Thursday night, I notice Sister devoting the majority of her attention to the computer. I notice because she’s letting me watch whatever television program I want too, without any argument. At first I don’t comment, because well (to be cliché), I didn’t feel like looking a gift horse in the mouth.
Until my curiosity wins out, as it always does and I climb into the gift horse to check out its insides. “Whatcha doing?”
“Looking at pictures of B and S.” She blandly answers, eyes never leaving the screen, “I want to see what they’re like, before they get here.”
Excellent idea Sister. Let’s do the mandatory Facebook creepage before meeting our cousins (several times removed). So, I join her. Unfortunately, pictures do not say a thousand words and we really had no idea what our cousins were like. The only advantage is we have now memorized their facial features. Looks, however, don’t say much about one’s character.
And when people are staying with me for three days, I would like some warning as to their personalities.
(To be honest I was vehemently against them coming.)
As it turns out, I had nothing to worry about.
Friday night S texts my cell – obviously my mom gave her my number - asking if I want to watch Harry Potter and The Half-Blood Prince when they get to my house. I’m always down for anything Harry Potter.
We were off to a good start.
As the evening (and weekend) progresses we realize we have similar tastes in books and movies. We all share similar food preferences too like Manchu Wok (a fast-food Chinese restaurant), Subway, sushi, Iced Tea, Pepsi and White Cheddar Popcorn. Both B and I can eat a jar of pickles in a day (for dinner on Sunday we ate a jar and a half of pickles...before the main course).

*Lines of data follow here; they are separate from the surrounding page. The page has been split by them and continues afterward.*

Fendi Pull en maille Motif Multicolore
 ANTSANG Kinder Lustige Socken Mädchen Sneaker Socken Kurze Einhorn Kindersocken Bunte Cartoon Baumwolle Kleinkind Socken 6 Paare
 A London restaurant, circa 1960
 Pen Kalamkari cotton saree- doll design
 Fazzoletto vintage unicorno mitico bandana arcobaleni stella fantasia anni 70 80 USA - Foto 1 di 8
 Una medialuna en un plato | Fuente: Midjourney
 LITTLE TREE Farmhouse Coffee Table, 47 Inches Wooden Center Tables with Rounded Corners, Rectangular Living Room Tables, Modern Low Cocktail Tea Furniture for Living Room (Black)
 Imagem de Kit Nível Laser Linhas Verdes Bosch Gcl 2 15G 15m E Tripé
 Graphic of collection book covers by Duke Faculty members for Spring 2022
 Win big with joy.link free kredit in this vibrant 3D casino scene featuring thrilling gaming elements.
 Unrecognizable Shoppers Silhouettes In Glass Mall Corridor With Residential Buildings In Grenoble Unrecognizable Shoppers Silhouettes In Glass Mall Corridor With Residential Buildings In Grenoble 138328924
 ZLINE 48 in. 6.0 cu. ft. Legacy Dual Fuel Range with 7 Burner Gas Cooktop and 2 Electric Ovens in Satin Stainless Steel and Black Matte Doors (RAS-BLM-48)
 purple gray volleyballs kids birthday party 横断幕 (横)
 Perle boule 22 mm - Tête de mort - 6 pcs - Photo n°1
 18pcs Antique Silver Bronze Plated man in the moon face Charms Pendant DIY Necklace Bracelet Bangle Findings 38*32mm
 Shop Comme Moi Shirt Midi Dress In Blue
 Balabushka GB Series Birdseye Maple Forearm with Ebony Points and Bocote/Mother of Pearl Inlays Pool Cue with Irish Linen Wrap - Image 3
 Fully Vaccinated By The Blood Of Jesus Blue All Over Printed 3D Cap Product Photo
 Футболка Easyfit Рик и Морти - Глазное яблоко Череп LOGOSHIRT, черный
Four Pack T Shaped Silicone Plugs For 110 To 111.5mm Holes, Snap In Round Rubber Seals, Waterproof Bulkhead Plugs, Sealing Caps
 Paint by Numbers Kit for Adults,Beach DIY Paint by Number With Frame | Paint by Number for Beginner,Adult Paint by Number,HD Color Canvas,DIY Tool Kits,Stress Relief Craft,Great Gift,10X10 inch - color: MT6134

The resemblance between our family dynamics is startling. B and S bemoan their mother’s lack of savvy in using technology. Sister and I do the same. B and S also have the same love/hate relationship Sister and I share, complete with the same sort of volleyed comments as well as similar tones of voice.
On Saturday we head to the mall. Mother told me before they arrived that S was older than B. So I say something about their ages and B responds: “Actually I’m older. But people always think S is older.”
I’m horrified (and silently cursing Mother), “I’m so sorry B. I know how much it sucks when people always think you’re the younger one. Everyone always thinks Sister is older than I am and it really pisses me off.”
B replies: “It’s okay.”
S says: “It’s probably just because I’m taller. But I don’t really think I look older.”
“Sister’s taller than me too. I wouldn’t have said anything but Mom said S was older. So it’s her fault.”
We laugh and talk of other things, all really annoyed with this idiotic driver who was in front of me. Turns out he was old and Asian. Not a very good combination.
We separated in Forever 21 (a great store for bargain hunting and cheap – but good – clothes) because it’s massive and all three of us twenty-something’s bought some clothes. After, when sharing our purchases, we discover that B and I (the two older sisters) bought the exact same dress/shirt.
There are so many small similarities too. For example, while the rest of the world calls them remotes the six of us call it a controller (because it controls the TV! Duh!). It’s not just the common likes and dislikes either. It’s the way we interact and talk and what we find funny.
The instant we sat down to watch Harry Potter it was an instant mix. Our dynamics complement each other. There isn’t an iota of awkwardness between us. (Even today when I admitted to hating the idea of their arrival. Going so far as to explain, in detail, just how much I didn’t want them to come.)
Perhaps it’s genetics. Perhaps it’s the similarities between Mom and Cousin W themselves. Who knows. We probably never will. (I mean scientists still can’t agree on Nature VS. Nurture – who am I to act as judge and jury on the matter.)
All I know for sure is the similarities went a long way in dispelling the awkward, distant family, reunion. The tension and stress of having strange people in my home, evaporated and it seems like we’ve known each other for awhile. There’s a certain familiarity in it all. I see Sister, Mom and I in them. Not to mention the abundance of laughter and surprise we experienced every time there was a new revelation pertaining to just how similar we were.
Two families separated by two provinces, bound by genetics. We should be different. But I’m glad we aren’t.Word Of The Day: Tautology - saying the same thing twice in different words.